» Work order
Nothing but the lines from the top of the records through the line with "viêm nang lông" should be returned, exactly, and without pictures.

» Recorded data

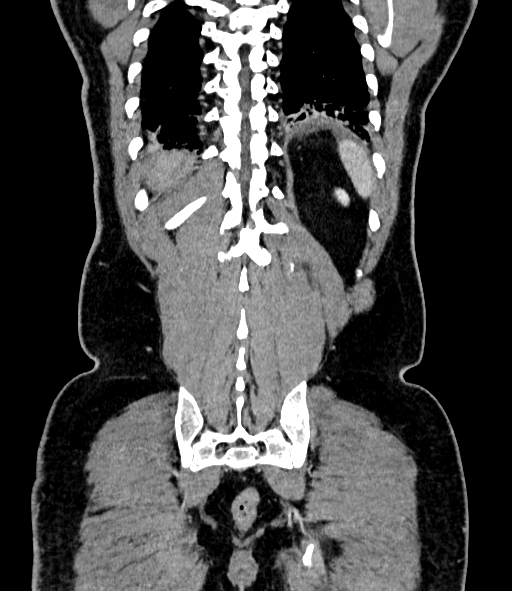 Acute pancreatitis (Radiopaedia 87428-103757 Coronal C+ portal venous phase 78).jpg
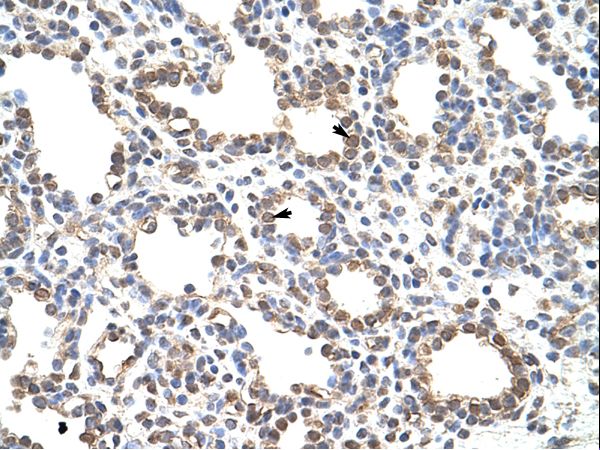 ZNF195 antibody LS-C30310 was used in IHC to stain formalin-fixed, paraffin-embedded human lung.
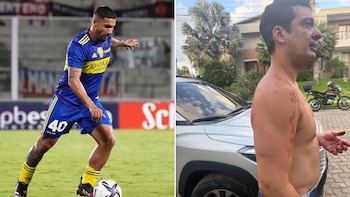 Herida por “mordedura humana” y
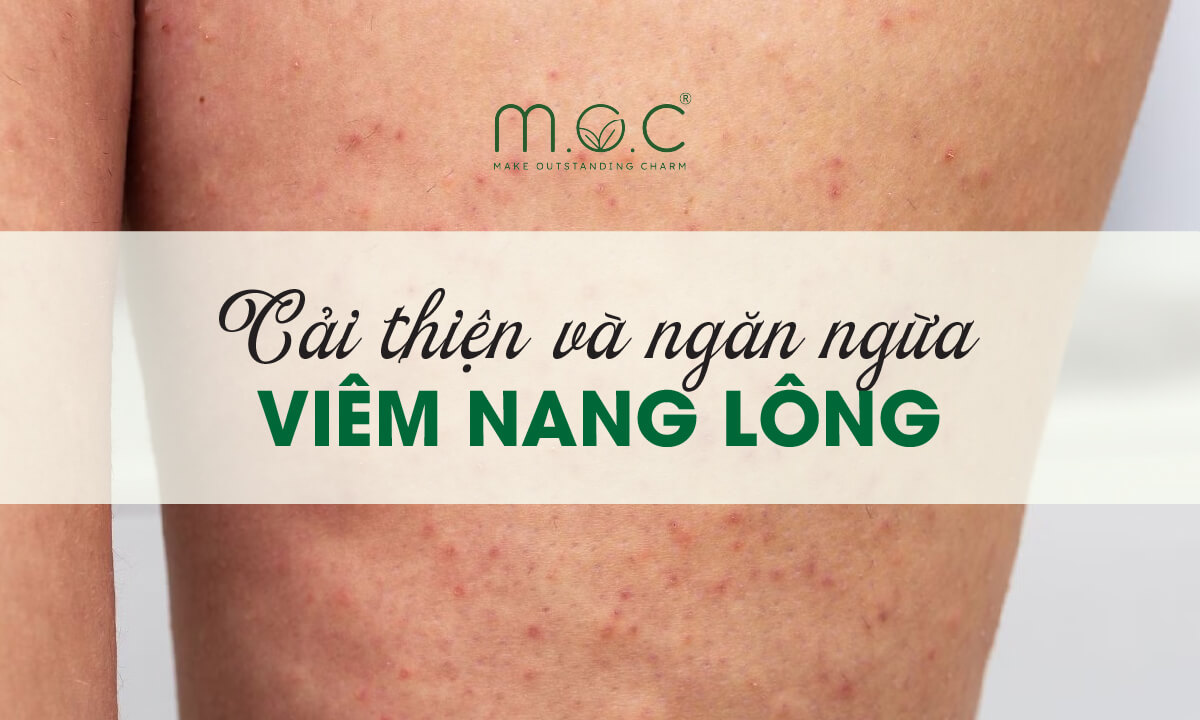 viêm nang lông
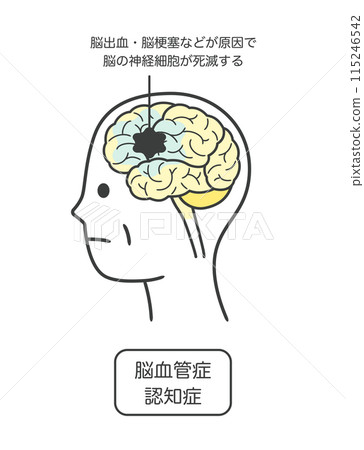 Illustration of the parts of the brain that are damaged by vascular dementia and their names Illustration of the parts of the brain that are damaged by vascular dementia and their names 115246542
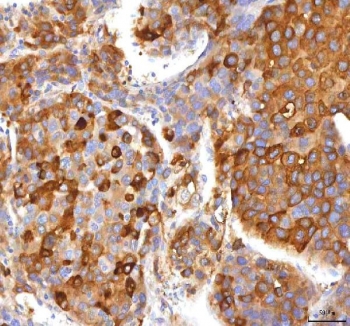 IHC staining of FFPE human liver cancer tissue with HSD17B13 antibody. HIER: boil tissue sections in pH8 EDTA for 20 min and allow to cool before testing.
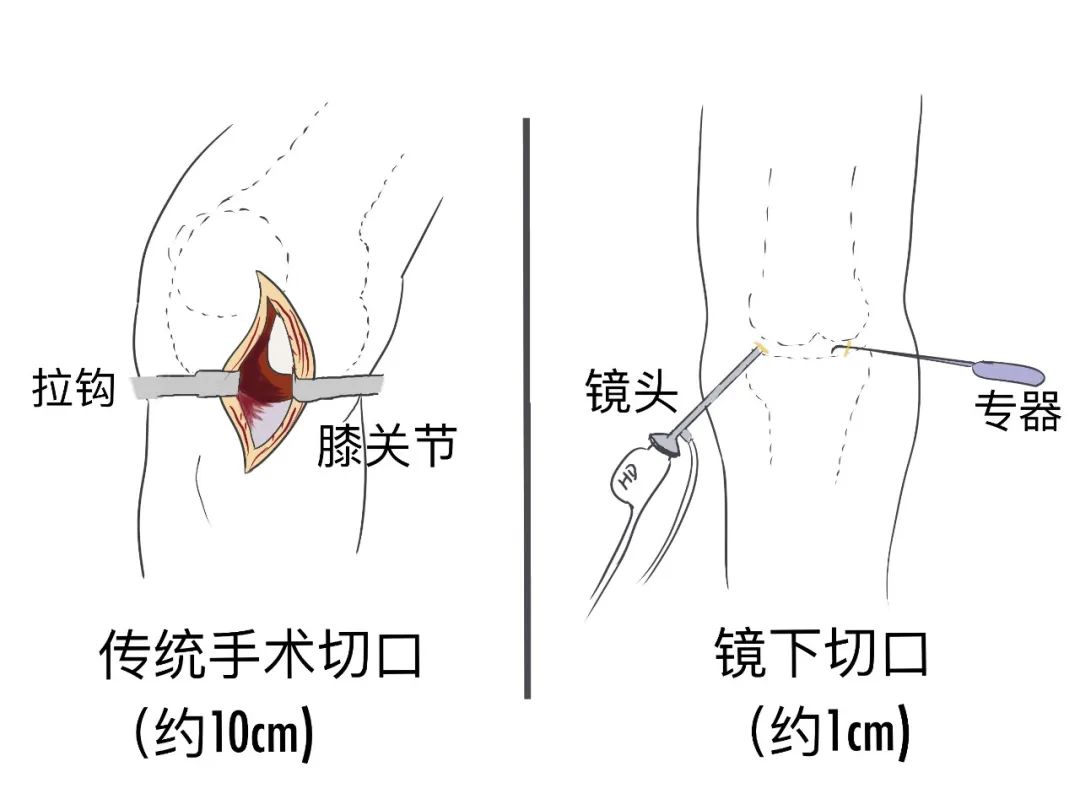 帶你一起認識關(guān)節(jié)鏡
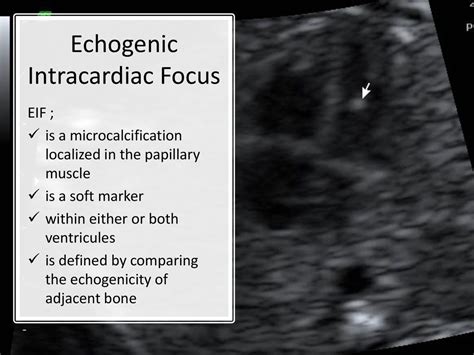 echogenic intracardiac focus worry.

» Solution to the problem
 Acute pancreatitis (Radiopaedia 87428-103757 Coronal C+ portal venous phase 78).jpg
 ZNF195 antibody LS-C30310 was used in IHC to stain formalin-fixed, paraffin-embedded human lung.
 Herida por “mordedura humana” y
 viêm nang lông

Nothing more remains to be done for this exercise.